The correct reason not to intervene in Syria [View all]
At least not to the extent it knocks off Assad:
In 1970, then Air Force General, Hafez al-Assad, an Alawite, took power and instigated a "Correctionist Movement" in the Ba'ath Party. The coup of 1970 ended the political instability that had lasted since the arrival of independence.[35] Robert D. Kaplan has compared Hafez al-Assad's coming to power to "an untouchable becoming maharajah in India or a Jew becoming tsar in Russiaan unprecedented development shocking to the Sunni majority population which had monopolized power for so many centuries."
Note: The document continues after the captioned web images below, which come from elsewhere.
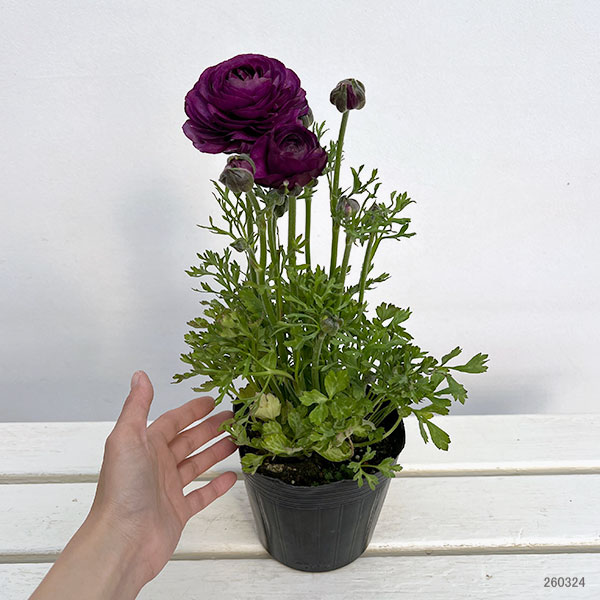 ラナンキュラス：アルペンフラワー西山さん切花選抜種　パープル4.5号ポット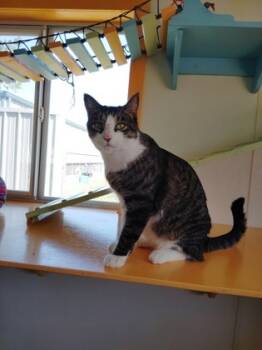 Rescue Domestic Short Hair Cats for Adoption in Houston, Texas - Gravy | PetCurious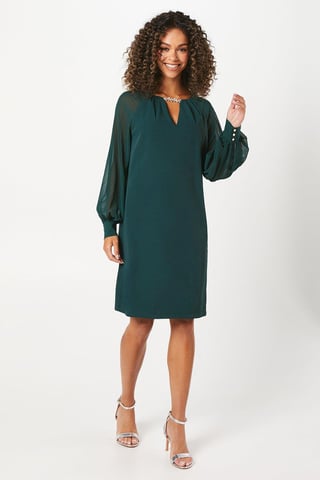 Occasion Embellished Chiffon Sleeve Shift Dress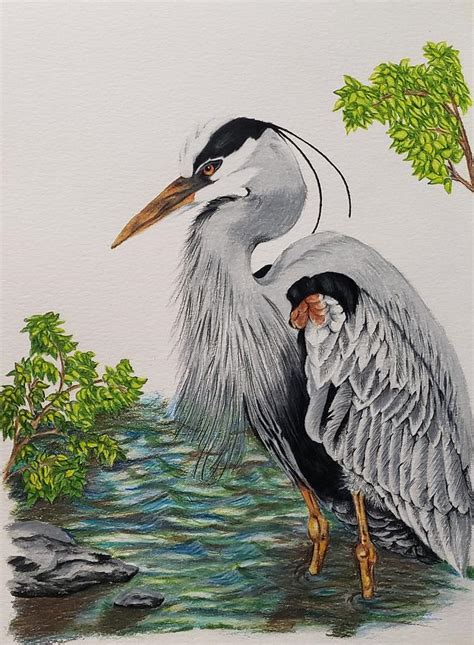 Great Blue Heron Drawing By Corinne States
http://en.wikipedia.org/wiki/Alawites
The problem is, as soon as the rebels win, the massacres of Alawites will start. In the ME, the Sunni population has been whipped into a frenzy from the pics of what Assad has done to them. Revenge will be the very first thing on their mind. Do we really want to be the ones who open the door to that sort of slaughter?
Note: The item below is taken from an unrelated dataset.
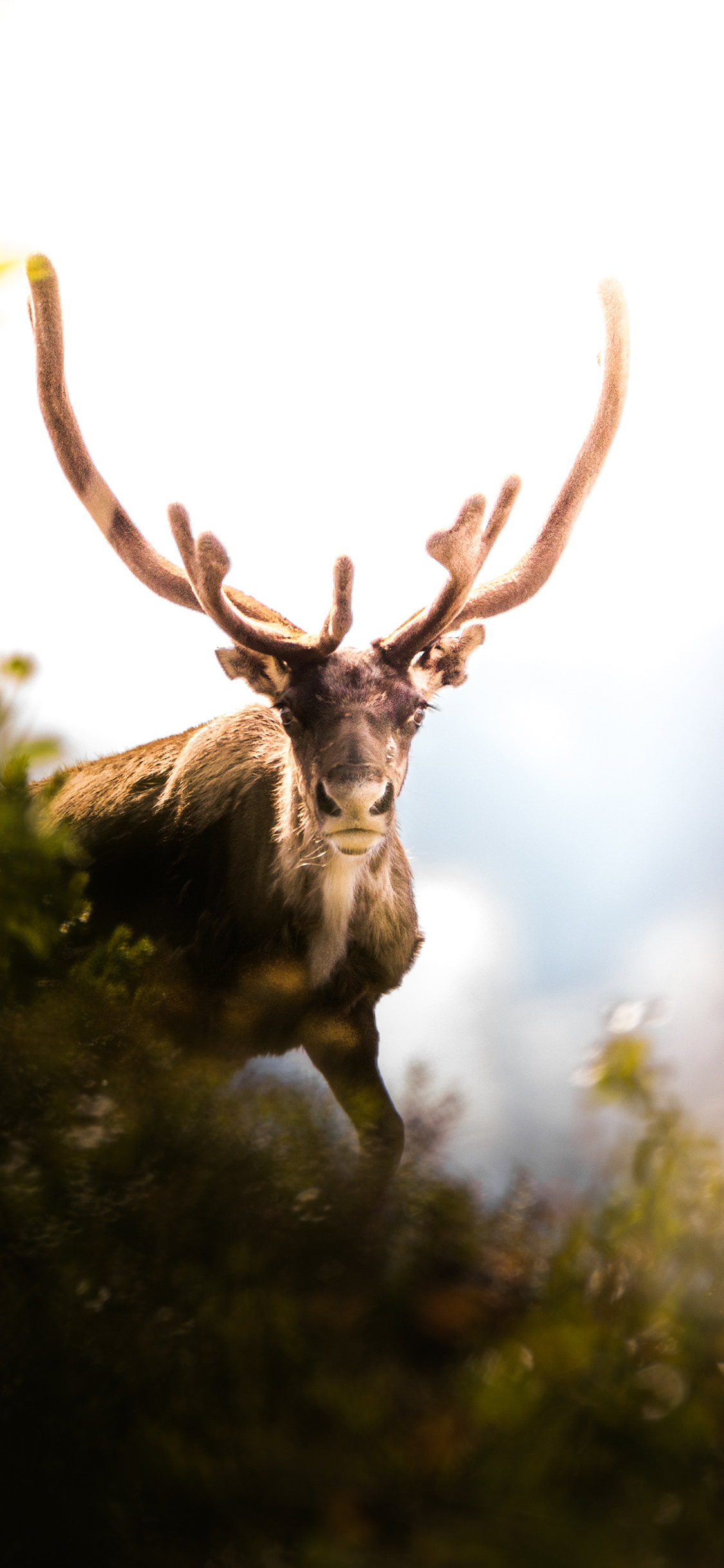 [2436×1125]鹿 户外 鹿角 动物 苹果手机壁纸图片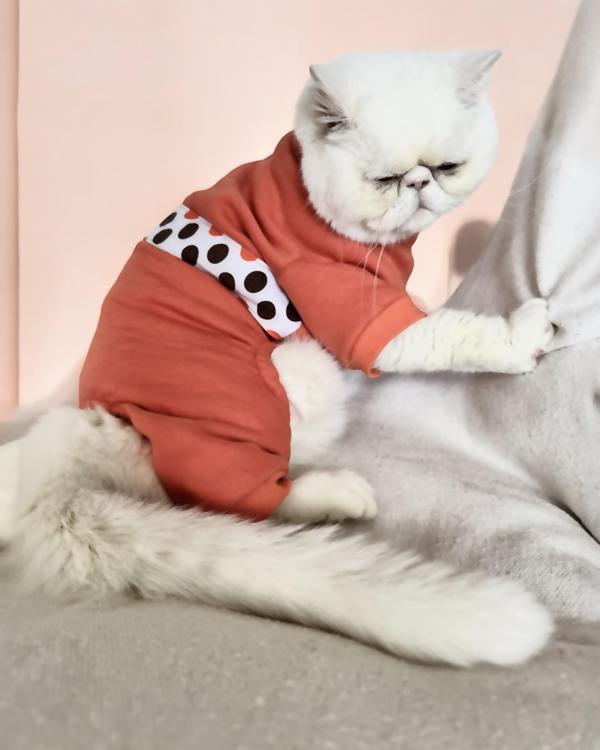 Puanti Kalın Penye Kedi Tulum Pijama - Image 1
So, I really do hope the strikes are just a pinprick. The balance of power there needs to be maintained just to keep the lid from blowing completely off. The real work needs to be done with Russia and Iran via diplomacy, to get Assad to the table and then do the super hard work of figuring out how to get Syria to a point where everyone can live, if not with each other, then at least next to each other without anything more than an occasional village massacre. Things could get a lot worse than that. A lot worse. Letting Russia have its client in the Arab ME is worth avoiding the hell that awaits if the balance is tipped too far towards the rebels.